DNA and Life Sciences Genetics
- DNA
"Deoxyribonucleic acid (abbreviated DNA) is the molecule that carries genetic information for the development and functioning of an organism. DNA is made of two linked strands that wind around each other to resemble a twisted ladder -- a shape known as a double helix.
Each strand has a backbone made of alternating sugar (deoxyribose) and phosphate groups. Attached to each sugar is one of four bases: adenine (A), cytosine (C), guanine (G) or thymine (T).
The two strands are connected by chemical bonds between the bases: adenine bonds with thymine, and cytosine bonds with guanine. The sequence of the bases along DNA’s backbone encodes biological information, such as the instructions for making a protein or RNA molecule." -- [NIH]
- Genetics and Inheritance
Genetics is basically the study of heredity, especially the mechanism of heredity transmission, and changes in genetic characteristics between similar or related organisms. Some branches of genetics include behavioral genetics, classical genetics, cytogenetics, molecular genetics, developmental genetics, and population genetics.
Genes are passed on to offspring in both sexual and asexual reproduction, and over time natural selection can accumulate differences between individuals at the population level, a process called evolution.
Inheritance refers to the passing of traits from one generation to another through asexual and sexual reproduction. Gametes are the reproductive cells of an organism, males are sperm and females are eggs. Each of these chromosomes carries 23 of the 46 chromosomes needed to create a complete human genome, and come together to form a fertilized egg.

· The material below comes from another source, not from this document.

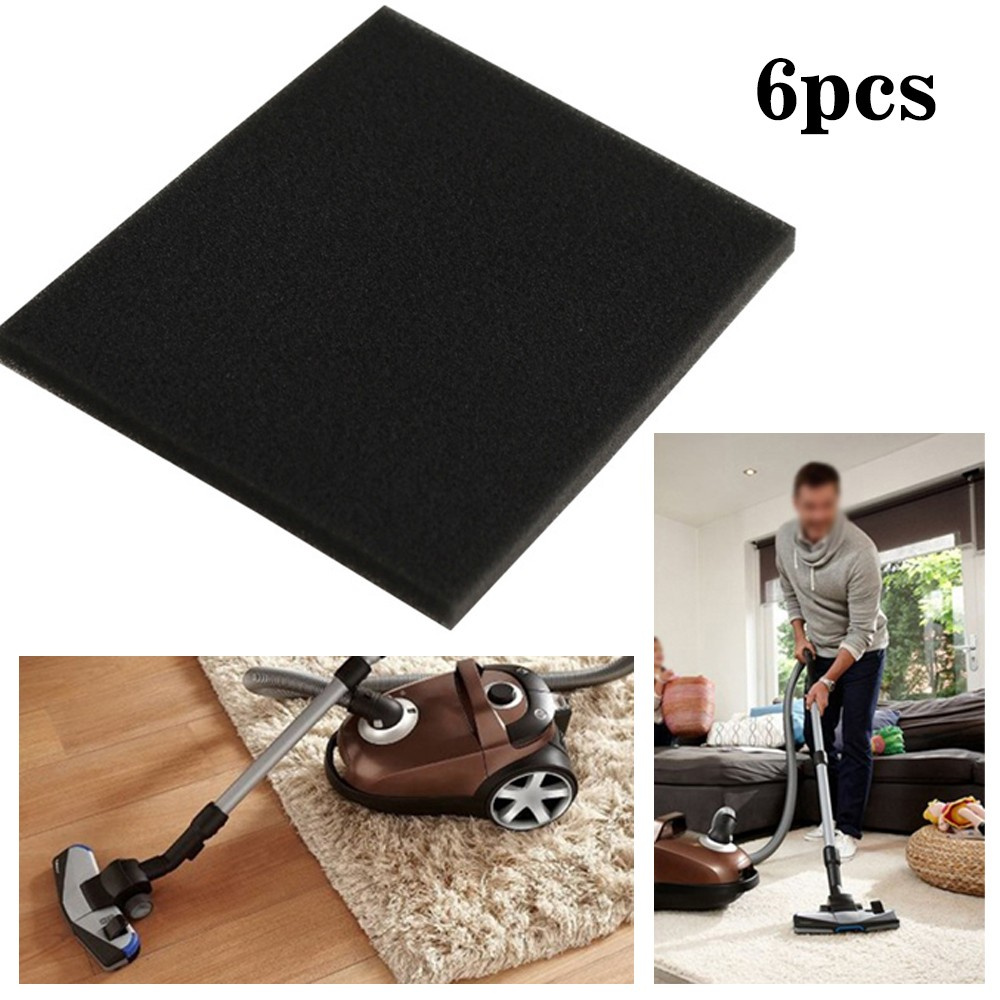 Set 6 Miếng Xốp Đen Lọc Bụi Cho Máy Hút Bụi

Several mechanisms for developing genetic variation emerge during each of these stages. Before gametes are formed, homologous chromosomes exchange genetic material, creating a new combination of genes on each chromosome. The homologous chromosomes are then randomly distributed during meiosis to produce gametes, ensuring that each gamete is unique.
- Cytogenetics
The study of chromosomes, which are long strands of DNA and proteins that contain most of the genetic information in cells. Cytogenetics involves testing tissue, blood, or bone marrow samples in the laboratory for chromosomal changes, including breaks, deletions, rearrangements, or extra chromosomes.
- Molecular Genetics
Molecular genetics is the study of heredity and variation at the molecular level. It focuses on the flow and regulation of genetic information between DNA, RNA and proteins. Its subfields are genomics (the study of all nucleotide sequences in an organism's chromosomes, including structural genes, regulatory sequences, and noncoding DNA fragments) and proteomics (the study of proteins involved in DNA replication).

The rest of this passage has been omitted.